- [GOAL OF THE EXERCISE]: Retype, word for word, only the lines from the one containing "two women performing" through the last line of the listing below. Pictures do not belong in the result.

- [DATASET CONTENT]:
■ ■ ■ ■ ■

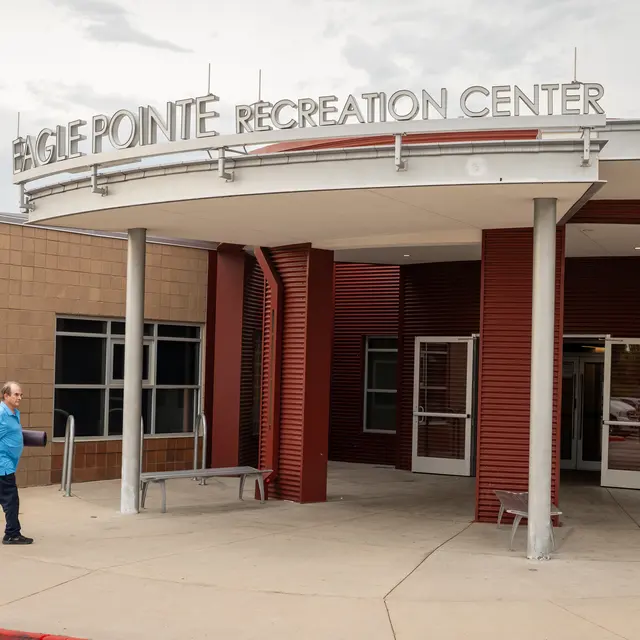 Eagle Pointe Recreation Center Entrance A man walking towards the entrance of the Eagle Pointe Recreation Center, which features a modern, red and tan exterior and large signage.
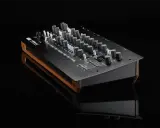 Synthétiseur Korg minilogue xd noir avec finitions bois, posé sur une surface réfléchissante.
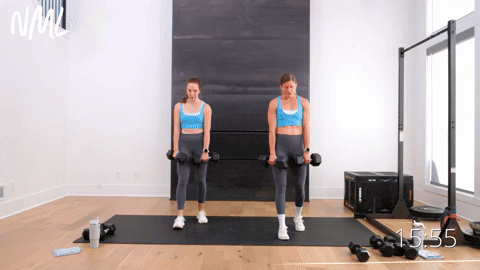 two women performing a staggered dumbbell deadlift in a full body workout
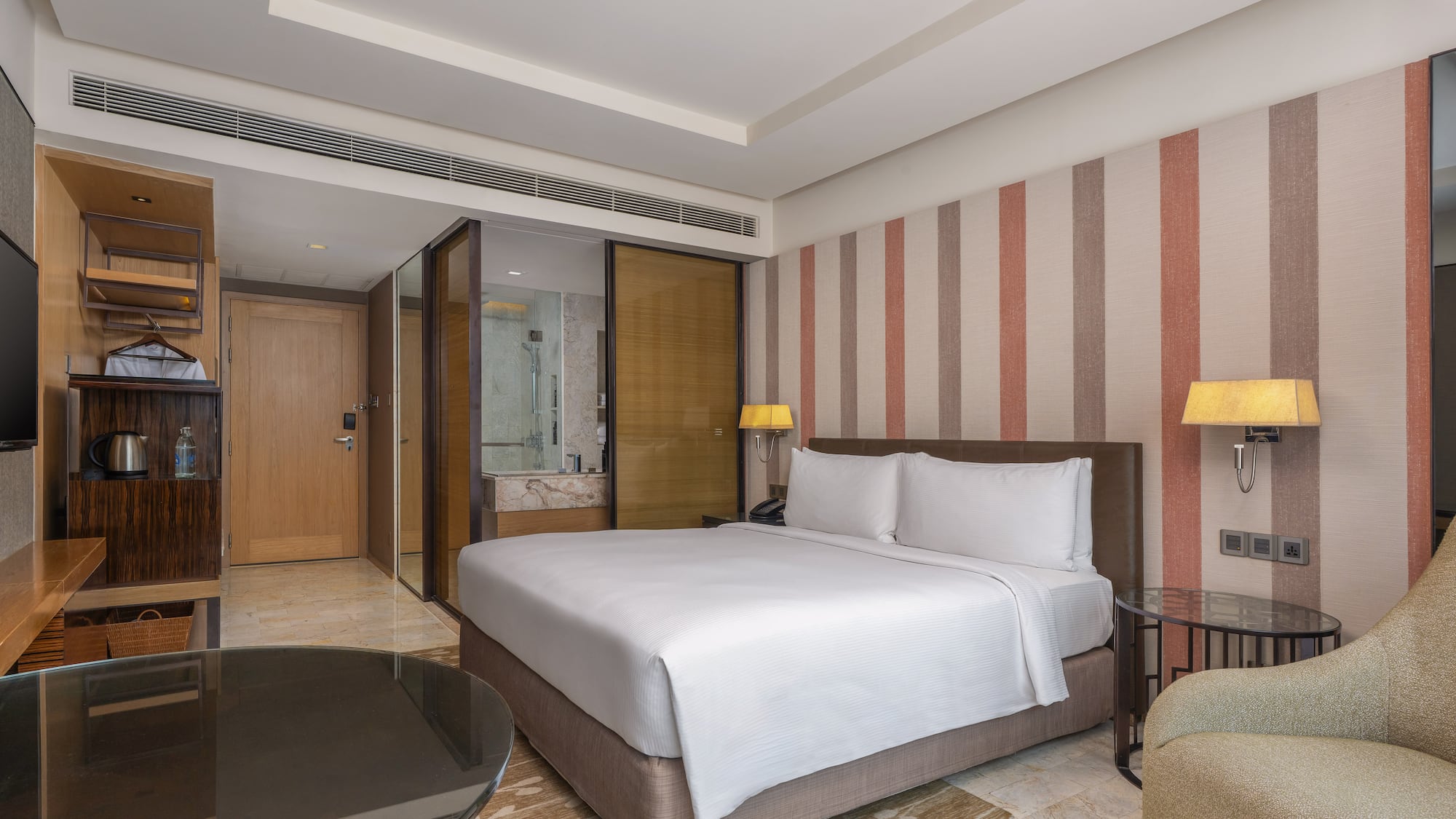 Modern hotel room with a king bed, striped accent wall, and glass-partitioned bathroom. - Guest Room - The Hotel Bangkok Sukhumvit 26 Affiliated by Meliá, بانكوك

■ ■ ■ ■ ■

- [YOUR RESPONSE]:
 two women performing a staggered dumbbell deadlift in a full body workout
 Modern hotel room with a king bed, striped accent wall, and glass-partitioned bathroom. - Guest Room - The Hotel Bangkok Sukhumvit 26 Affiliated by Meliá, بانكوك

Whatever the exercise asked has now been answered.